Intanto, però, i 14 piani incompiuti svettano poderosi sul cielo di Milano. Il loro destino è affidato al futuro proprietario che si aggiudicherà l’asta fallimentare, perché per il momento è impossibile abbaterlo, come vorrebbero i residenti che hanno sempre combattuto una strenua battaglia contro questi mostri di cemento (nelle foto il blitz di Pianoterra del 25 maggio scorso).
Ora però sono ferme anche le torri della Hines, il colosso texano la cui società italiana amministrata da Manfredi Catella gestisce il progetto di sviluppo immobiliare Porta Nuova, a causa del crack dell’azienda appaltatrice dei lavori. La Zh construction, una delle imprese edili più importanti dell’Alto Adige, ha lasciato il cantiere del Bosco Verticale, dove lavoravano oltre 200 gli operai che, sentiti da Lettera43.it, dicono di non ricevere lo stipendio da quattro mesi. Hines Italia ha già deciso di affidare il cantiere a Colombo Costruzioni, uno dei principali general contractor nazionali che ha già realizzato gli edifici del nuovo grattacielo Unicredit.
La Hines si è impegnata a rispettare comunque la data di fine lavori, prevista per marzo 2014, mantenendo invariati i prezzi finali di acquisto, che variano da 7 a 13 mila euro al metro quadro. Per il momento sembra che sia stato venduto circa la metà dei nuovi appartamenti e il 60% degli spazi destinati all’uso ufficio: rilevati, peraltro, da Unicredit che è anche tra i principali finanziatori del piano. Le torri agli abitanti non sono mai piaciute, ma la prospettiva che possano andare ad aggiungersi ai già numerosi palazzi vuoti di Milano atterisce ancora di più.

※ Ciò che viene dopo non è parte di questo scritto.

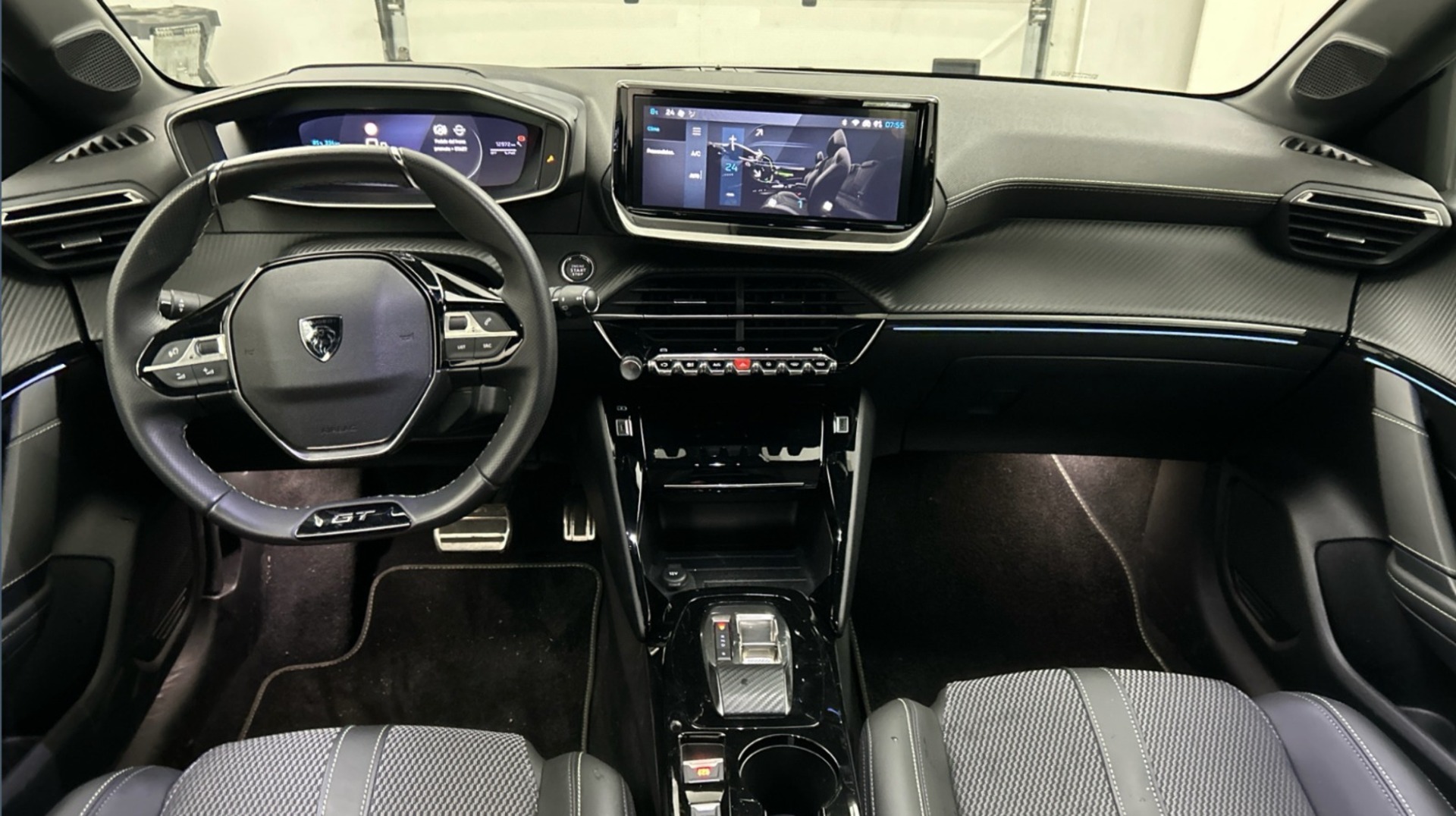 PEUGEOT e-208 2025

Per ora il rischio sembra scongiurato dall’ingresso nell’affare della Qatar Holding, che ha comprato il 40% del progetto Porta Nuova a Milano garantendo un aumento di capitale, come già aveva fatto per il distretto finanziario di Londra e molti hotel di lusso della City. Insomma, il caldo vento del deserto inizia a soffiare anche all’Isola.